* What the task requires: Taking the line that contains "PRO GRIP 0701-0082" as the start and the last line of the data as the end, repeat exactly every line in that span, but no pictures.

* Items listed in a dataset:

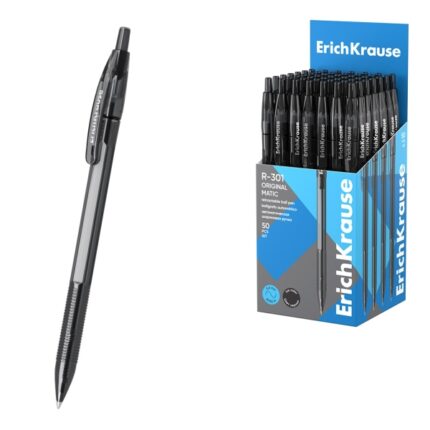 ErichKrause R-301 Matic Original Penna a sfera retrattile - Punta da 1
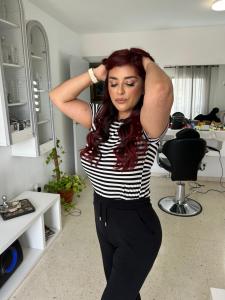 624539161: Chica busca chico en Málaga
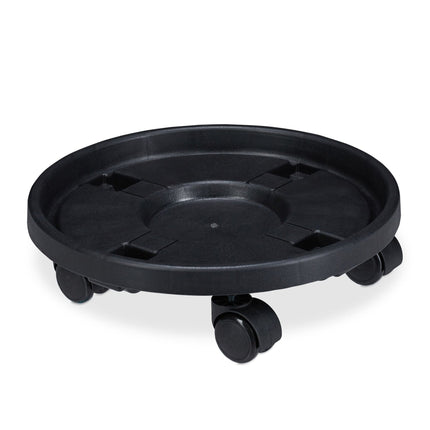 Rolă de plante din plastic Set mare de 2
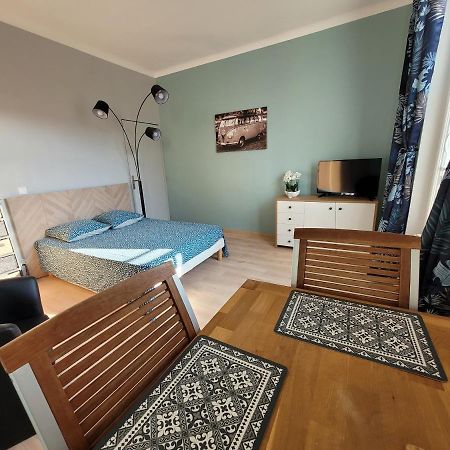Appartement Meuble Renove Ideal Pour Curistes Ou Vacanciers La Roche-Posay Ngoại thất bức ảnh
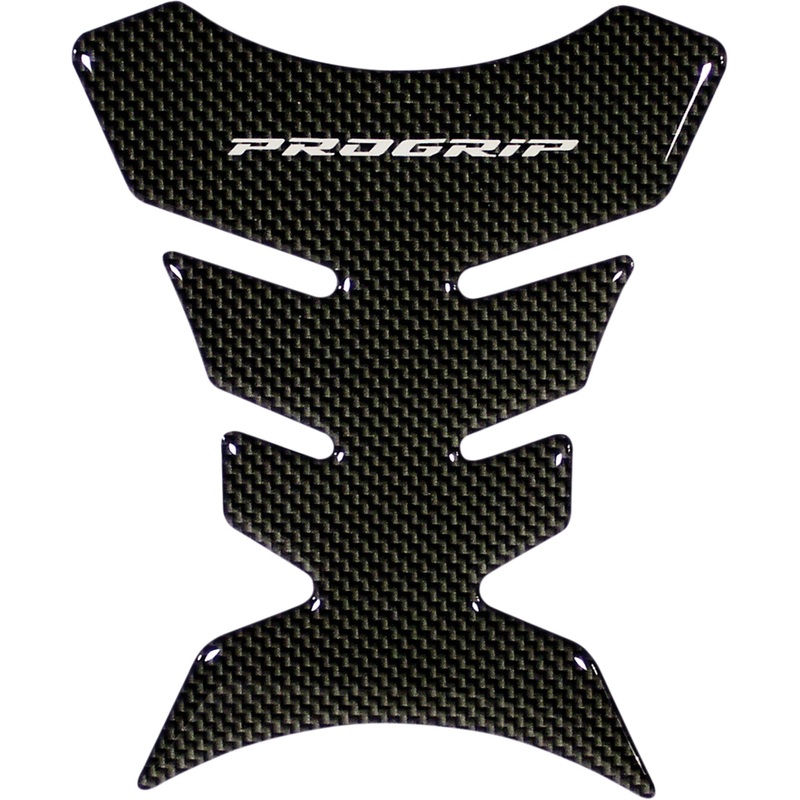 PRO GRIP 0701-0082 PZ5000CA Tank Protector small  - carbon fiber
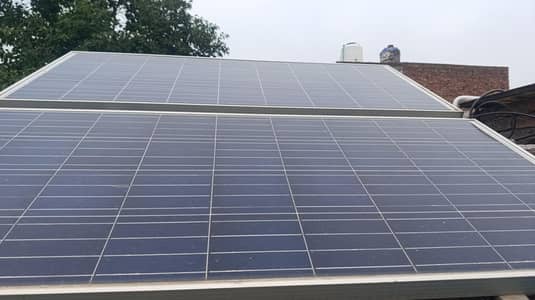 150 watts solar panel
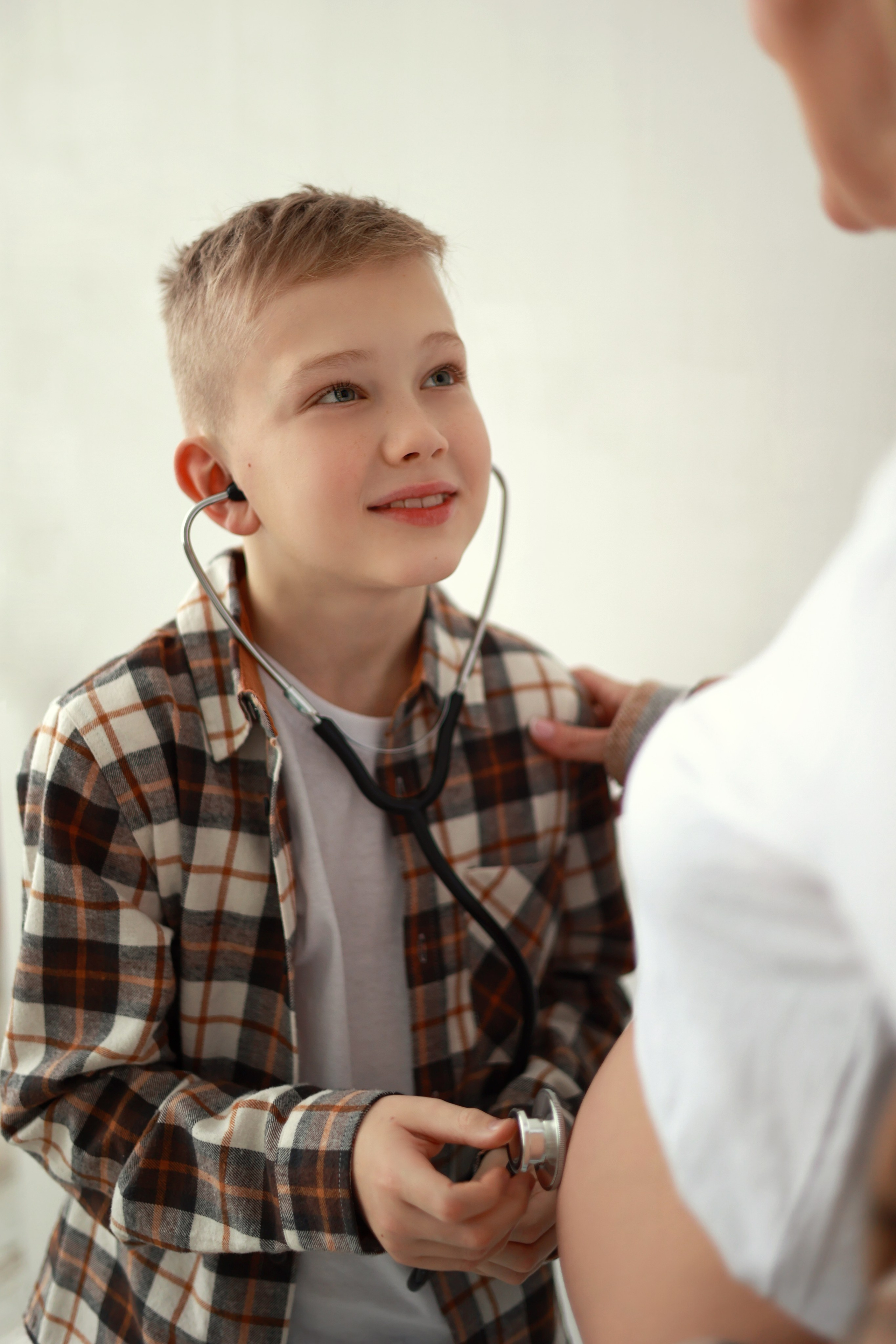 Галина и Артем (Фотостудия ОКНА). Семейный и детский фотограф в Перми Мария Карабатова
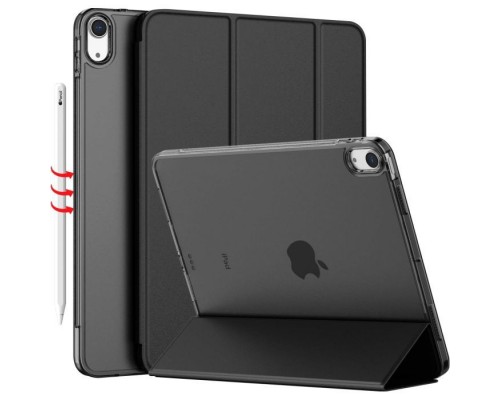 Чохол до планшета BeCover Tri Fold Hard Apple iPad Air 11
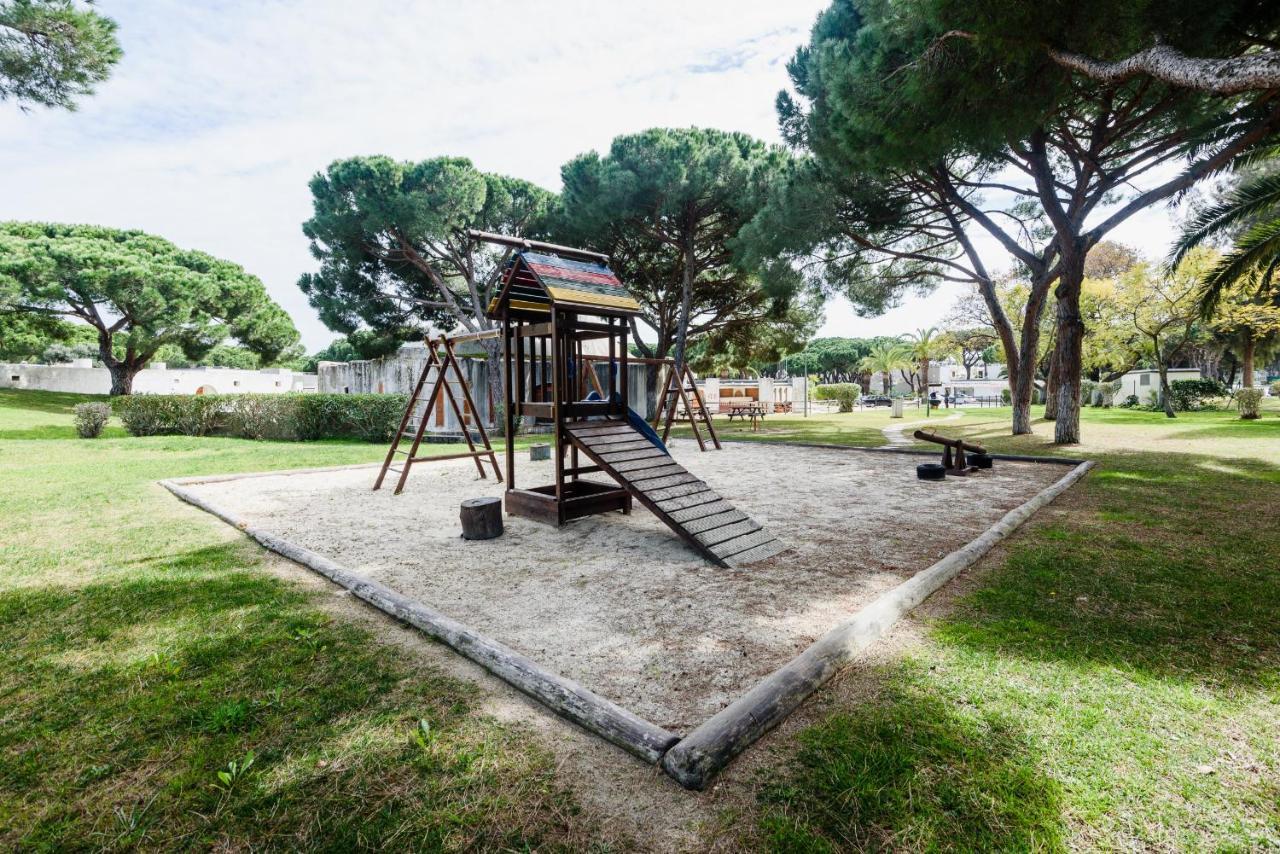 Aldeia Das Acoteias Apartment Albufeira Kültér fotó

* Task solution:
 PRO GRIP 0701-0082 PZ5000CA Tank Protector small  - carbon fiber
 150 watts solar panel
 Галина и Артем (Фотостудия ОКНА). Семейный и детский фотограф в Перми Мария Карабатова
 Чохол до планшета BeCover Tri Fold Hard Apple iPad Air 11
 Aldeia Das Acoteias Apartment Albufeira Kültér fotó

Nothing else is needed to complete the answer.